**Work item**
Only the lines from the start of the data through the line with "view of side of home featuring a sunroom" belong in the copy. Restate them word for word, minus the pictures.

**Exercise materials**
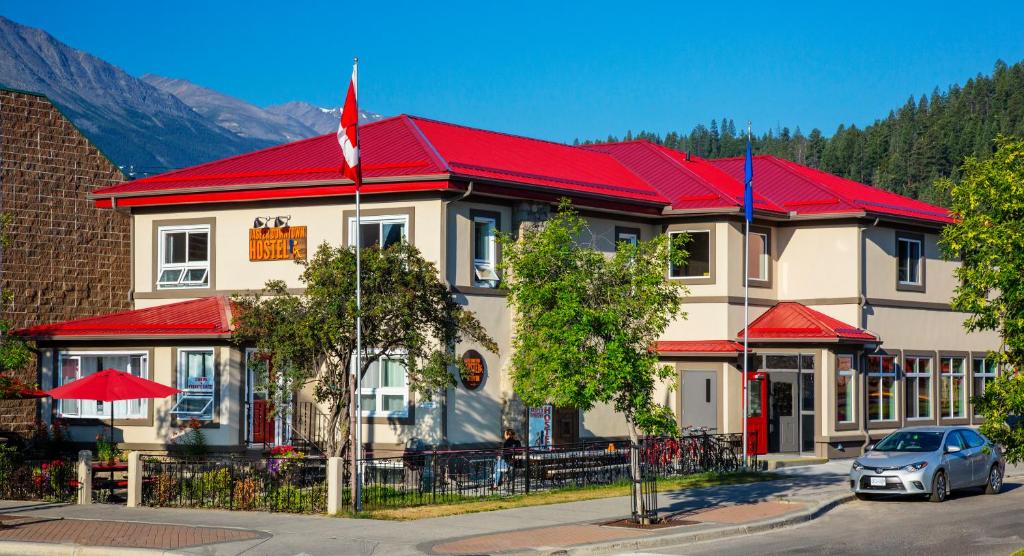 a building with a red roof with a car parked in front at Jasper Downtown Hostel in Jasper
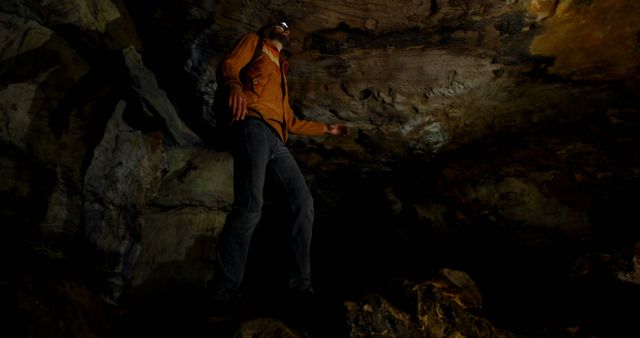 Adventurous Man Exploring Dark Cave with Headlamp - Download Free Stock Images Pikwizard.com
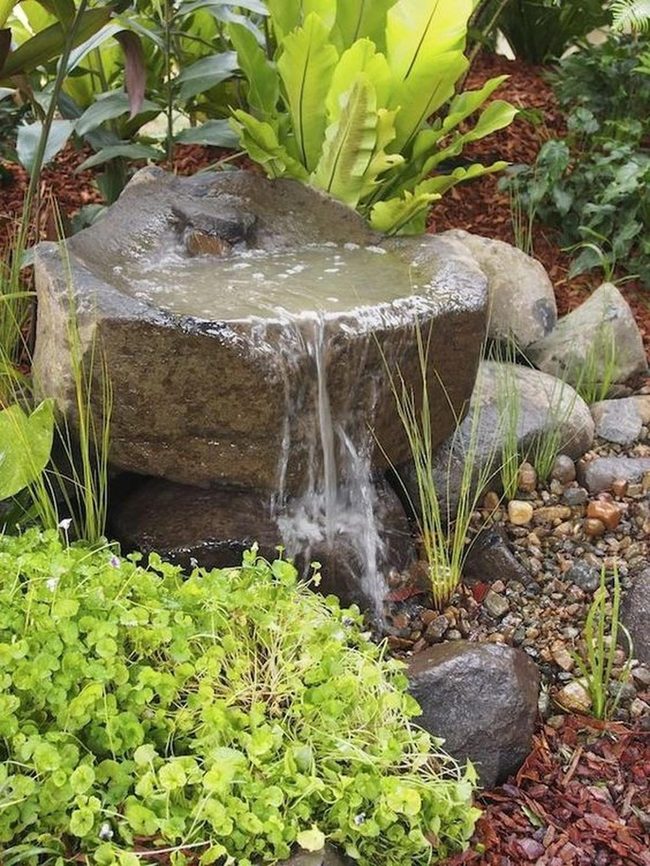 Flowing Stone Fountain Among Green Layers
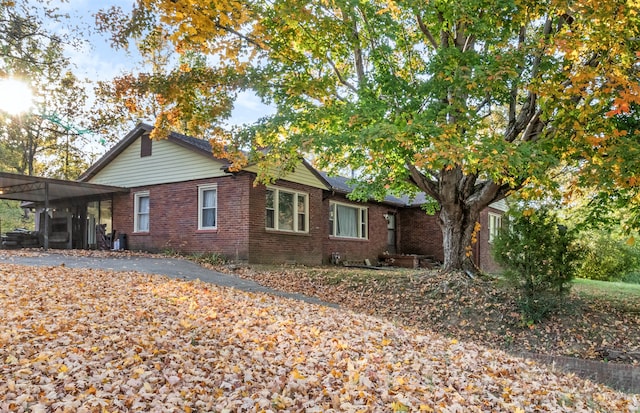 view of side of home featuring a sunroom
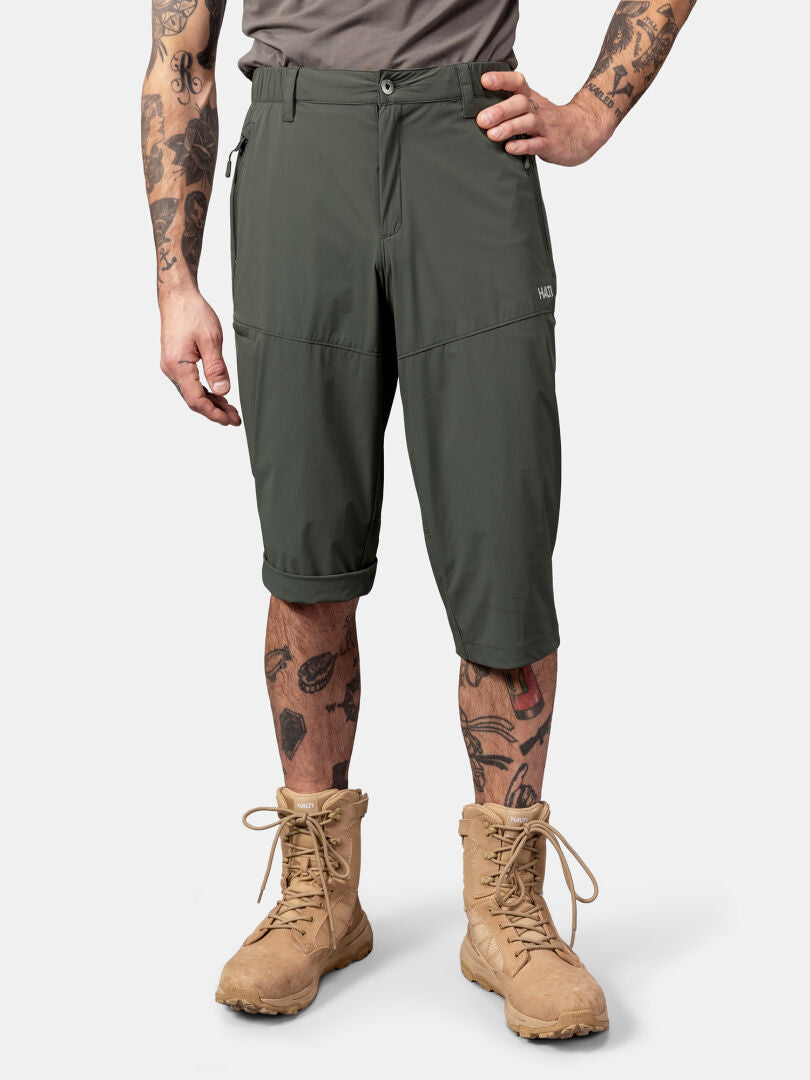En man i Halti Pallas Cool X-stretch Capribyxor, grå skjorta och solbruna kängor står mot en enfärgad bakgrund.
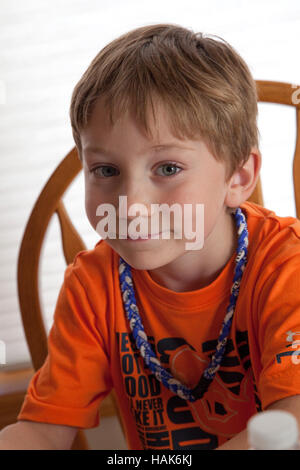 Portrait d'un garçon de 6 ans à la maison portant un self-made tour de cou tressé. Champlin Minnesota MN USA Banque D'Images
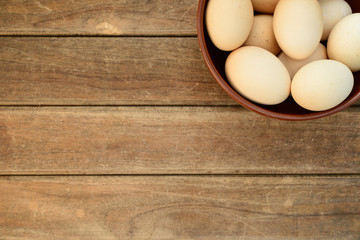 Egg in dish on old wooden table background.
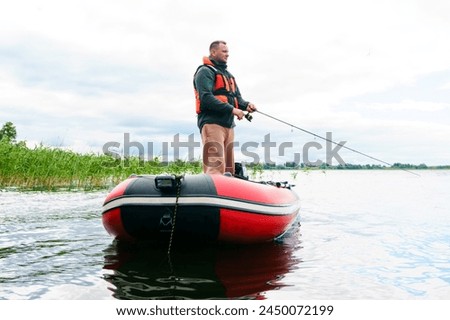A man during morning fishing from an inflatable boat. Men's hobby, outdoor recreation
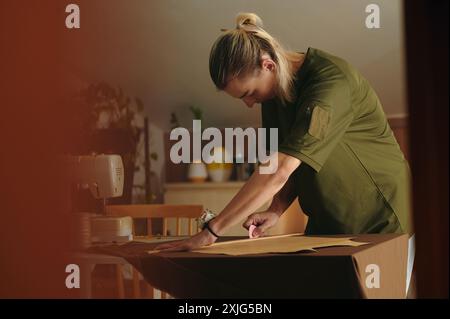 Fashion Designer Working In Workshop Stock Photo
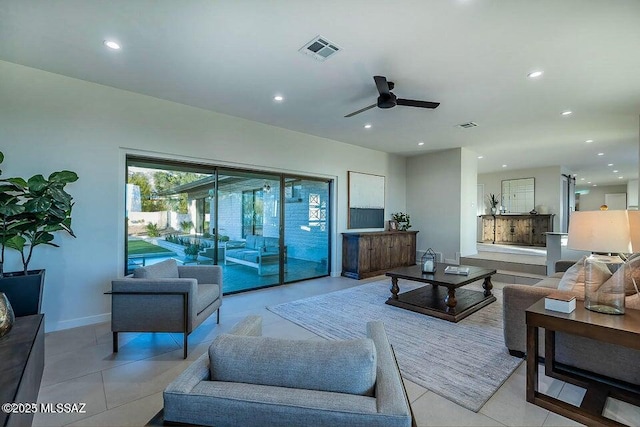 living room featuring light tile patterned floors and ceiling fan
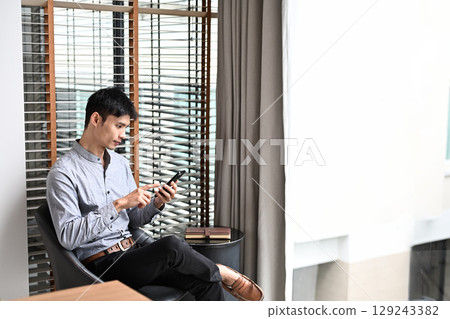 Asian businessman relaxing in office chair by the window and using smartphone Asian businessman relaxing in office chair by the window and using smartphone 129243382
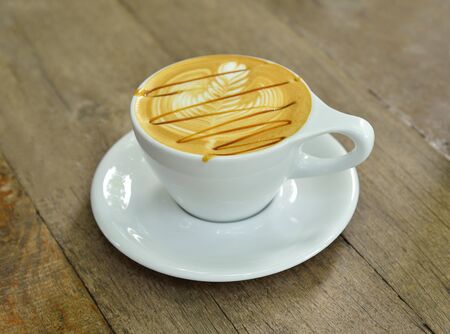 Coffee latte art on wood table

**Response**
 a building with a red roof with a car parked in front at Jasper Downtown Hostel in Jasper
 Adventurous Man Exploring Dark Cave with Headlamp - Download Free Stock Images Pikwizard.com
 Flowing Stone Fountain Among Green Layers
 view of side of home featuring a sunroom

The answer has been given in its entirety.